[[ DATA open ]]

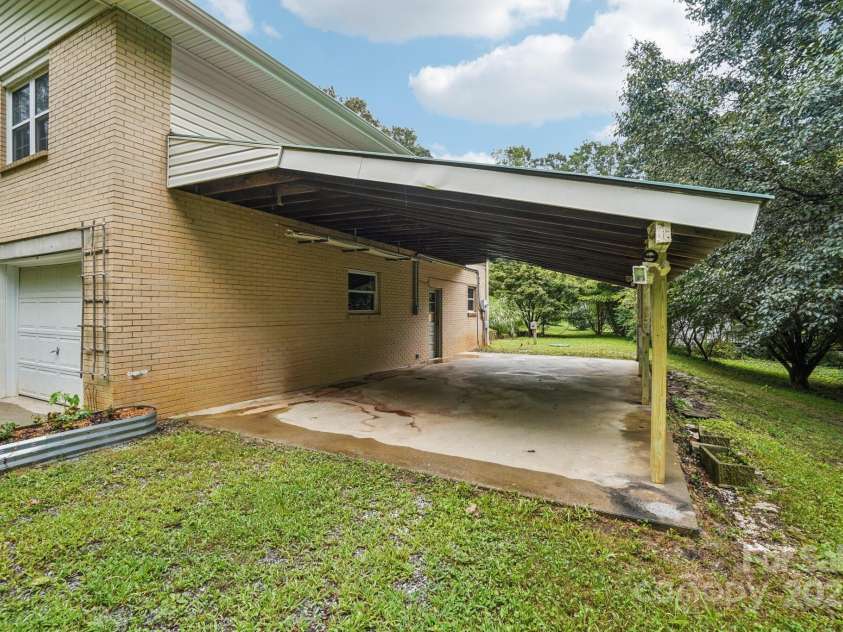 142 Byrd Lane, Hendersonville, NC 28792.  MLS# CAR4268898, YatesRealty ID 30629. 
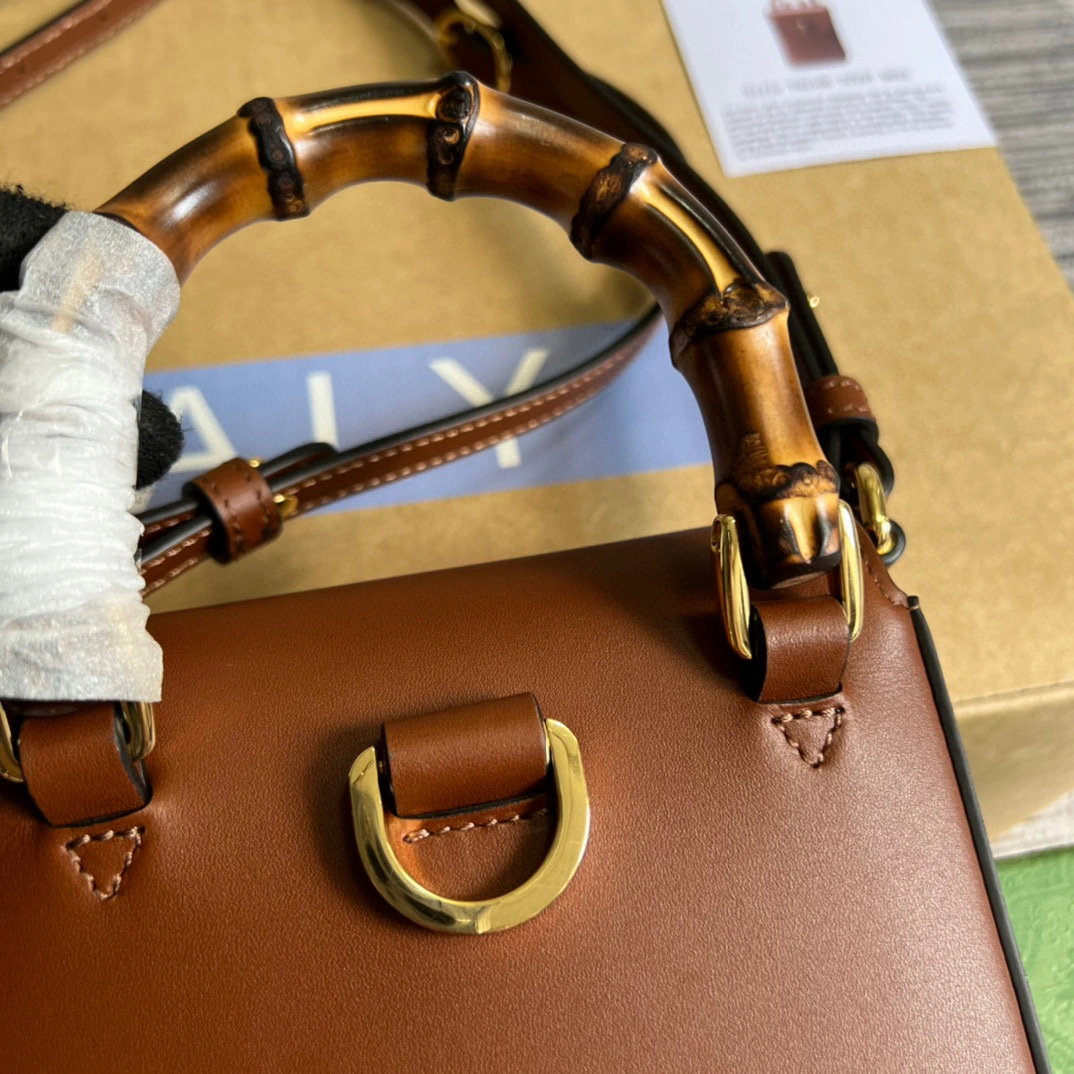 MOMO- high quality version 702106-UZY0T-2535 item：C-B000A1218C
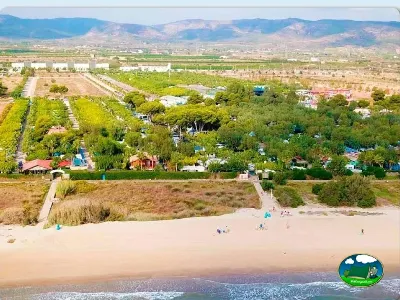 Playa junto al mar con camping y montaña de fondo del Camping Bravoplaya, Ribera de cabanes (Castellón)
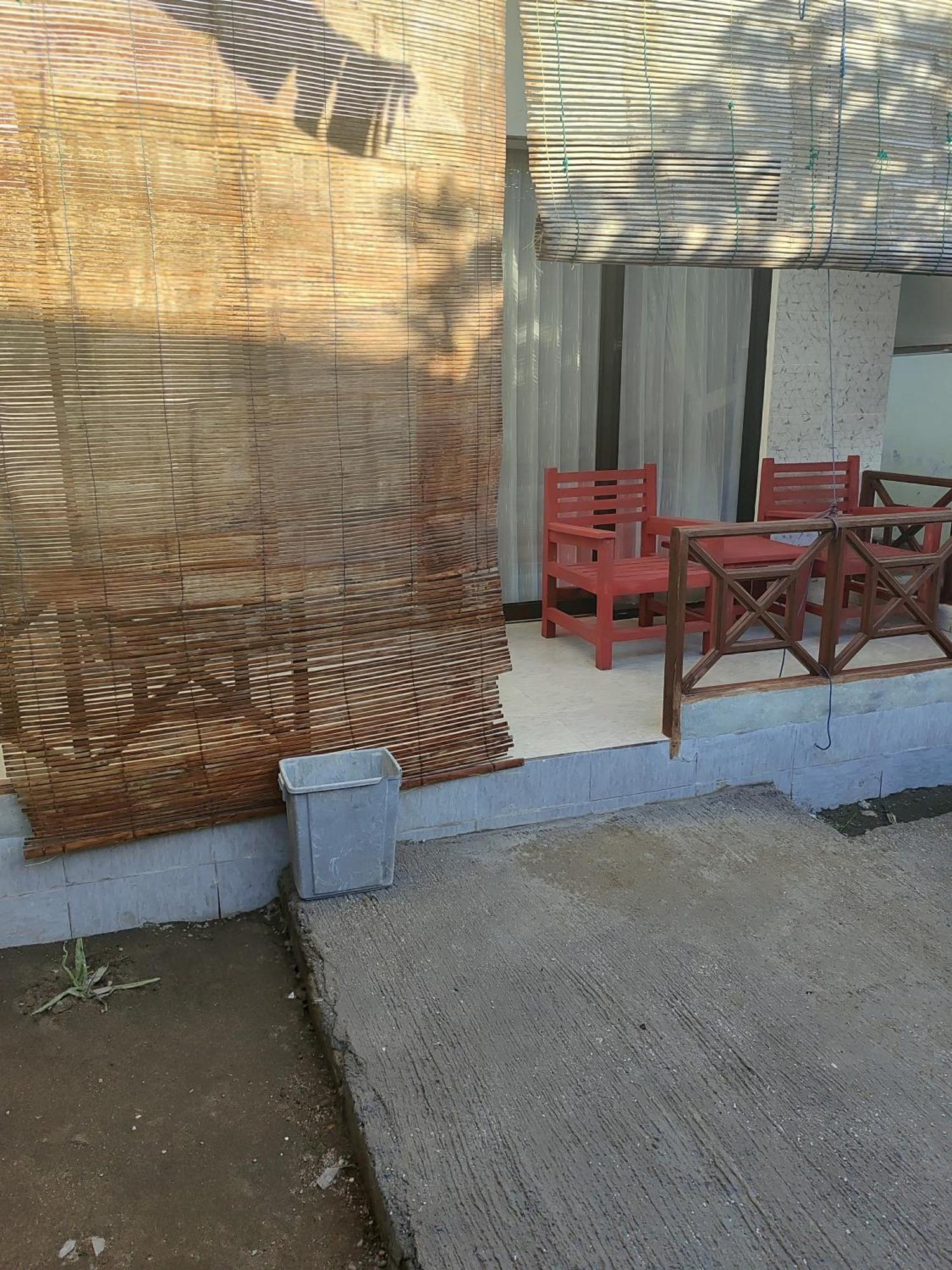 Family Bungalow Gili Meno Exterior photo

[[ DATA closed ]]

- EXERCISE BRIEF:
With the pictures left out, give again exactly the lines from the one that contains "MOMO- high quality" through the final line of the data above.

- TASK RESULT:
 MOMO- high quality version 702106-UZY0T-2535 item：C-B000A1218C
 Playa junto al mar con camping y montaña de fondo del Camping Bravoplaya, Ribera de cabanes (Castellón)
 Family Bungalow Gili Meno Exterior photo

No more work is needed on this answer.